Thought I'd sit down and say a few words about "water".
If I said "water wells"....you'd say "now that's a deep subject"
If I mentioned "watered down" you might think of American style beer.
If I talked about "holding water"...you'd think of an argument that either does or doesn't; or possibly being 50years + "holding your water"may conjure visions of nocturnal trips made, interrupting what should have been a good nights' sleep.
In general; we here in North America are blessed with it, and lots of it.
I guess because of this, we tend to minimize it's value and take for granted that we will always enjoy a surplus of this life-giving liquid.
Ever talk to anyone from Europe about our attitude towards fresh water and the way we squander it ?
In recent years it seems it is just beginning to have become something of a commodity, but I can easily remember a time when no one ever thought of the idea of paying for it.
Even now, I believe there is little thought given to conservation and the protection of this resource by the average person simply because of it's apparent abundance and availability.
Just think back to last year at this time when gas prices soared and delivery to some stations seemed intermittent....I don't know about you but I was "all about" the conservation and protection of it.
Or think of something else relatively cheap and easily available, like electricity. Oh Lord ! how our attitude towards it changes when the power goes off......all of a sudden you're camping...and not by choice!
Speaking of camping; I recently spent some time on the Severn river doing just that !
While the weather was "no hell" the fishing and the company was just fine.
Having a few drinks by the fire, we told the usual stories to one and other, some pretty much true, some likely overly embellished with the passage of time and occasions repeated. Allot of it being just our observations but never our "feelings" of course !
You get the idea....
At one point I jokingly compared the look of our property, with the various tents perched atop it's sub floor to "site 41"and of course that brought the subject of conversation then, and this blog post now, around to the situation there.
A friend of mine grew up near there and at one time owned property in the "site 41" immediate area.

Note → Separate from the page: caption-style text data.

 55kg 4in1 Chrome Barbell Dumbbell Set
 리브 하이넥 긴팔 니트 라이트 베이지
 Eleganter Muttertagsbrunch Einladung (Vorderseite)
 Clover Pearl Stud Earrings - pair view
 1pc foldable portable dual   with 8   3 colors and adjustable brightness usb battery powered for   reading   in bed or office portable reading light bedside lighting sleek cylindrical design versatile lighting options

He told me that if you walk in any direction of that site you can find either an actual spring with water bubbling to the surface, spring fed ponds,with icy cold water, or deep holes in the surface that lead to aquifers that likely run for miles beneath the surrounding countryside, supplying "who knows who's" wells.

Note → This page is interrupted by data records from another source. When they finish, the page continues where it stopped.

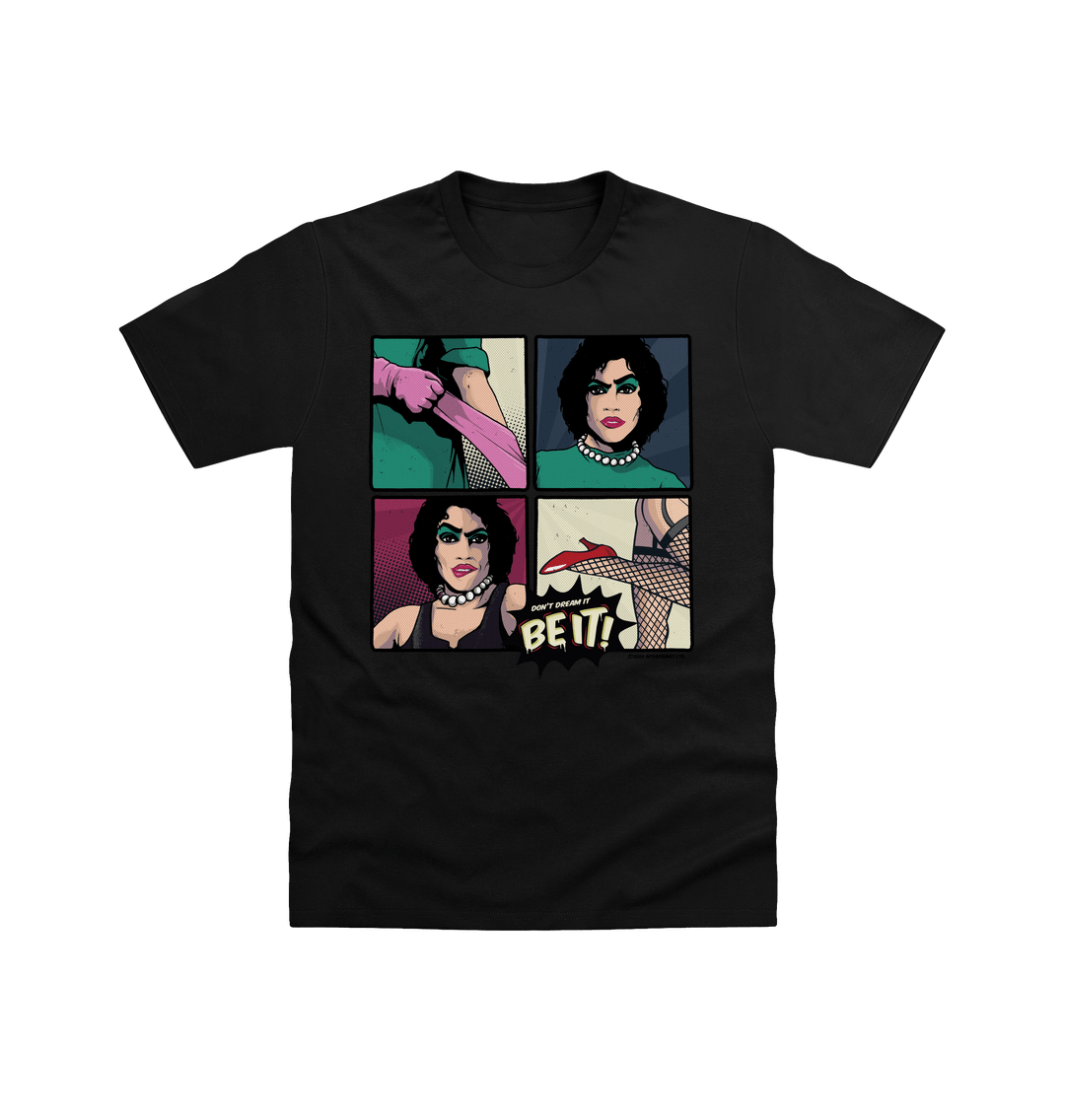 Rocky Horror Show Frank N Furter Don't Dream Be It Pop Art Adult T-Shirt-Rocky Horror Merch Store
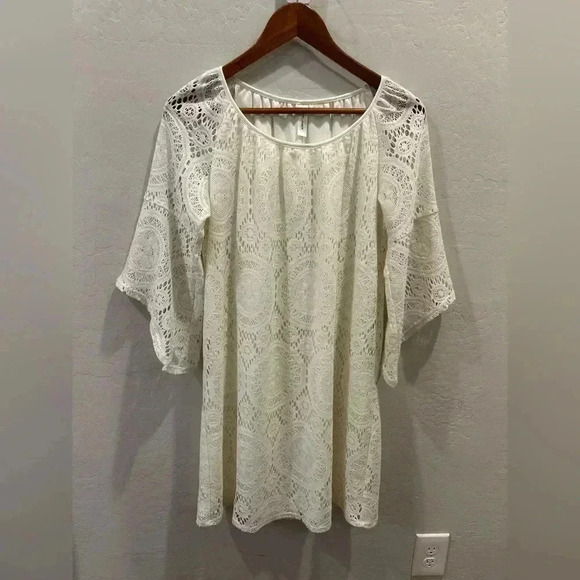 Tacera White Lace Dress Size Small - Picture 2 of 6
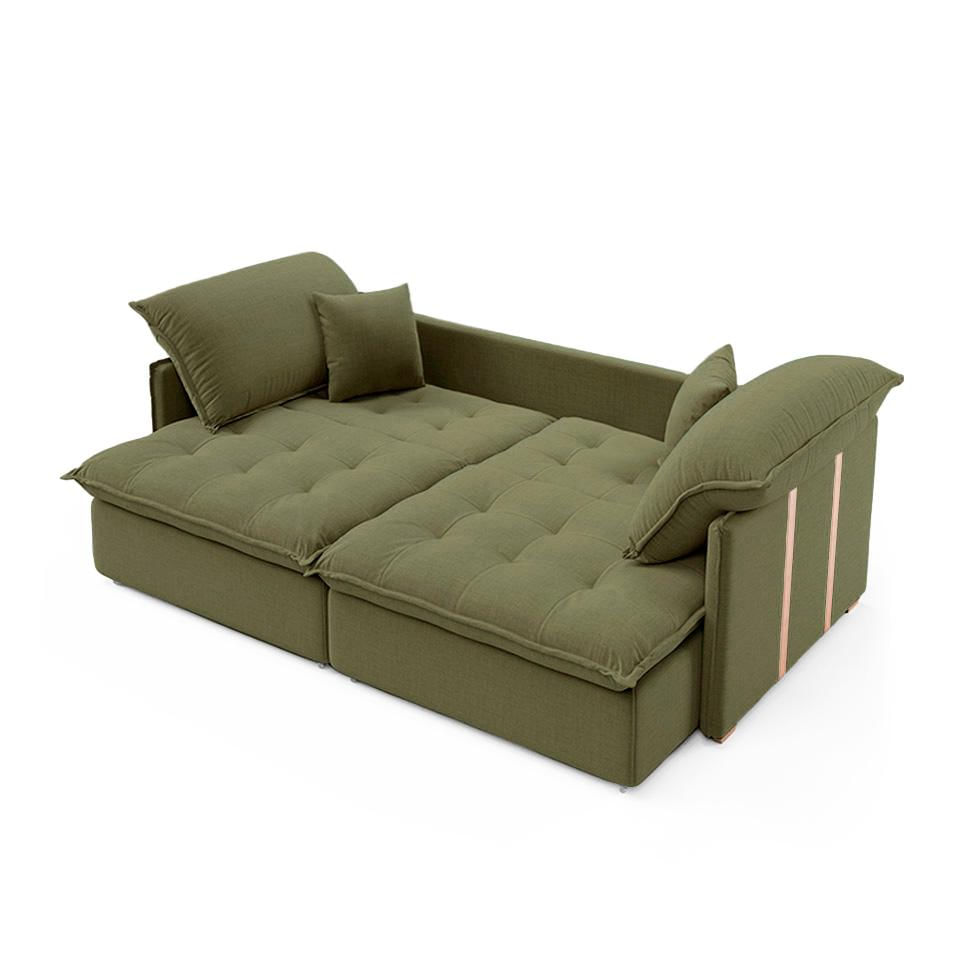 Sofá Retrátil Sem Caixa 3 lugares Solomons Velosuede Verde 180 cm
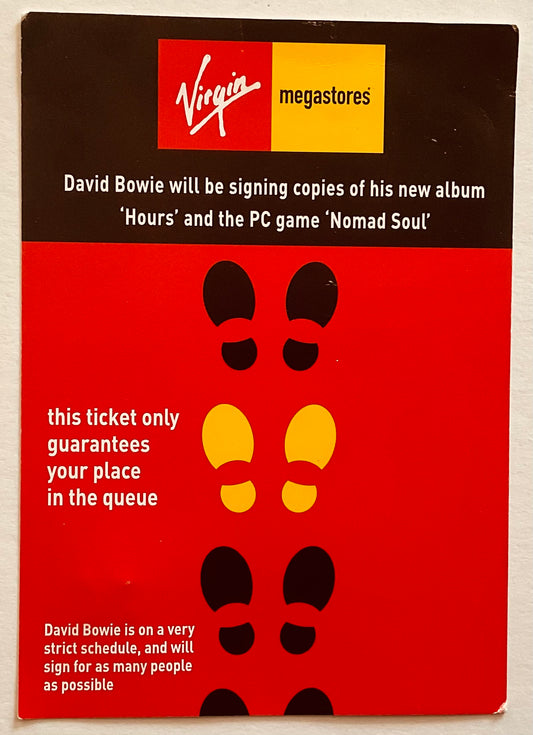 David Bowie Original Used Concert Ticket Virgin Megastore London 2nd Dec 1999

I'm certain that there were studies done: and I don't claim to have much knowledge of why, or why not a dump should be located anywhere near there.
But I can't "for the life of me" understand why we shouldn't "error on the side of caution" on this one?
In these days where safety is always such a great concern and it seems that we need ever increasing legislation to protect us from ourselves, be it in our cars or in our boats or walking down the street enjoying a smoke. (no I'm not a smoker), shouldn't we take a closer look at this one?
If we are so worried about the possibility of some cigarette smoke wafting in the direction of our emotionally and physically coddled, safety helmeted children in a nearby playground, shouldn't we also worry about the water that they and their children will one day drink ?
Likely by the time the contaminants seeping from the dump make it past the so called "impenetrable" clay basin that they assure us will contain it; we won't have to worry about it, but it will be our children and grand children's dilemma.
When they consider the wisdom used in deciding to build a dump over drinking water;
do you think that they will have a chuckle the way we do when we think of "our parents" letting us ride in the back window of Dad's big sedan with no thought of our safety or seat belts?
I'm pretty sure it won't be a laughing matter.